Online classes are just as — if not more — taxing as face-to-face classes. You have to face the screen for hours on end, and you don’t have the privilege of quickly asking questions. Instead of the quick and casual conversations in the class, everything is now structured; wait for your turn, keep your mic on mute, and send a private message for questions. Plus, there’s no more room for the fun class banter.
It’s hard to stay productive, as well. You have a lot of distractions. You can discreetly check the Twitter notifications on your phone or open another tab to read up on Grammy winner predictions. On top of all that, Zoom fatigue is real, and sometimes you just can’t be bothered to fire up your laptop and get things done.
So, to avoid falling into the trap of procrastination, here are a few ways you can stay productive during your online semester.
Create a Study Space
Having a study space increases your motivation to do things. When you used to attend classes, your brain is hard-wired to compartmentalize study and rest. When you are in school, surrounded by students, books, and boards, your brain readies itself for information and thinking. But when you are at home, surrounded by your bed, cozy couches, and snacks, your brain lets go and relaxes.
If you do not create a clear line between the space for rest and the space for studying at home, your brain just automatically thinks that it is always leisure time.
So pull up Pinterest boards of study spaces and create your own school nook. Choose an area of the house with a high-speed Internet connection and bright light. Natural light is advisable, but you can always buy lamps. Invest in a comfortable chair and table—this is the most underrated part of the home office. An ergonomic chair and table make sure there are no back pains to distract you as you do your homework.
When you have a lot of requirements for your senior high school classes, it’s tempting to multitask. You’ll say that you’ll table this math homework because it’s just too hard, and start an essay for your social science class. However, you’re setting yourself up for failure. Studies show that multitasking can actually decrease your productivity, so it’s much better to finish one task before starting another.
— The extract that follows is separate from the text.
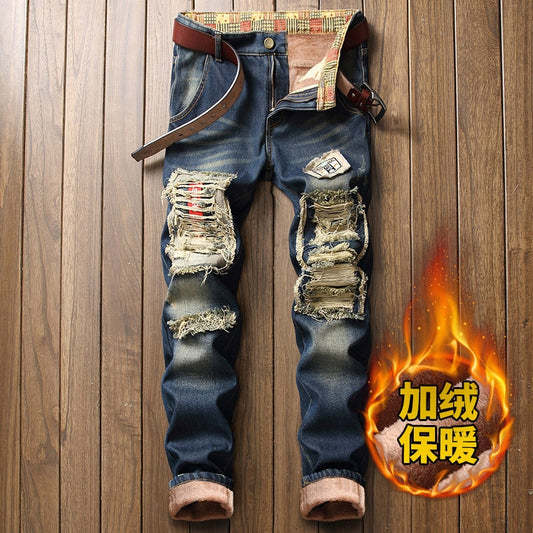 Winter Men Warm Fleece Jeans Retro Fashion Thicken Trousers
Focus on one assignment at a time, whether that’s sending your professor an email, reading the designated chapters for your literature class, or finishing your art project. Isn’t it much better to get things out of the way and dedicate your full attention to each task?
Online classes open the floodgates to many distractions because, unlike in-person classes, there’s no one to tell you to focus. You can easily be distracted by news of your favorite artist dropping a surprise album or give in to gossip with your classmates.
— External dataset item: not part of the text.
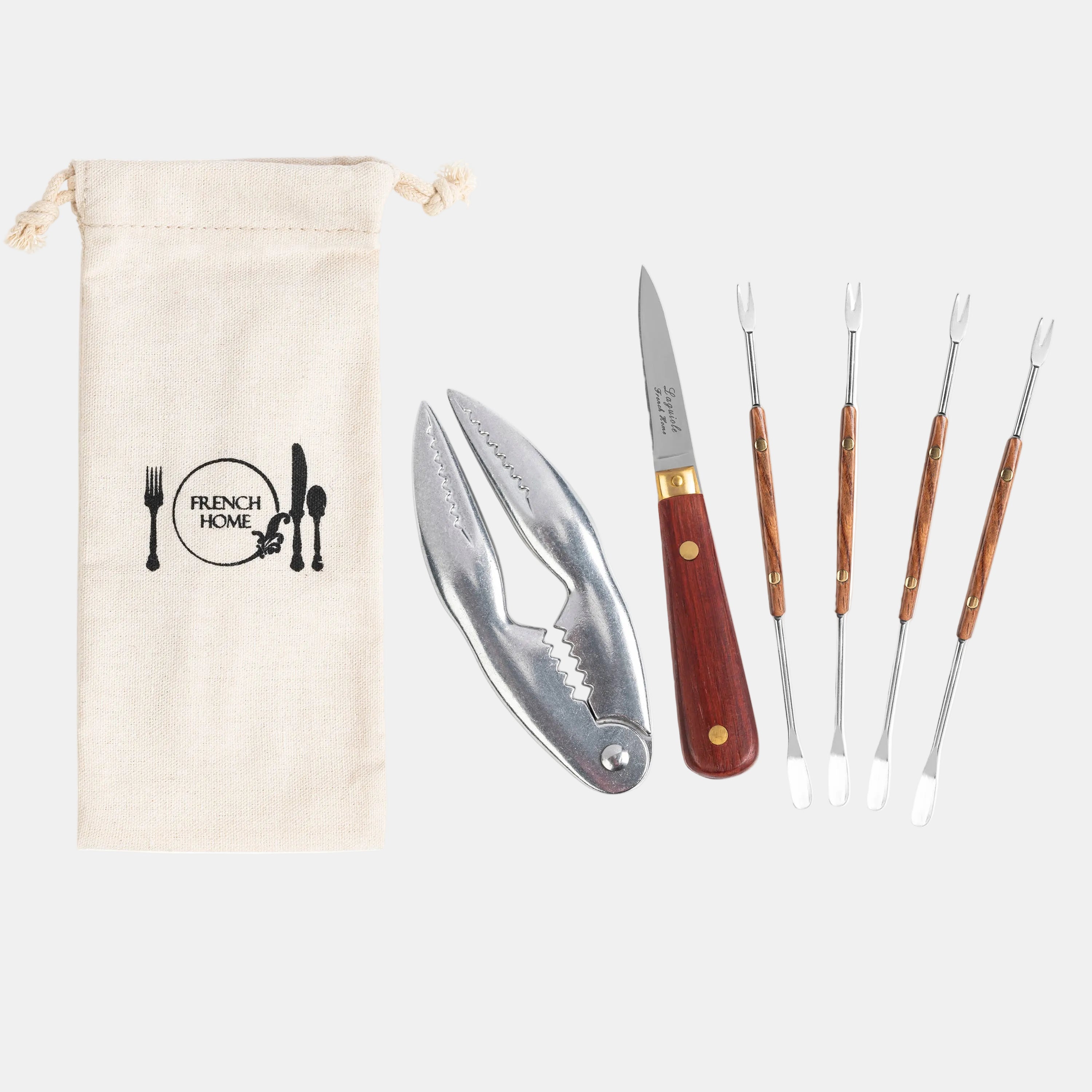 Set of kitchen utensils including a crimping tool, knife, and four small brushes with a branded pouch on a white background.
If you’re easily distracted, try the Pomodoro method. This time management technique divides work into 25-minute intervals with a 5-minute break in between. During the 25-minute work session, you’re not allowed to check your phone, get snacks, nothing—you are forced to focus on the task at hand.
Before you know it, you’re done with your assignment! The Pomodoro works wonders for a student with a lot of requirements. Fun fact: it was devised by a student like you.
Last but not least, reward yourself for your hard work. This gives you something to look forward to after the job is done and keeps burnout at bay. Online classes are taking a toll on everyone, so a little indulgence now and then will do you a lot of good.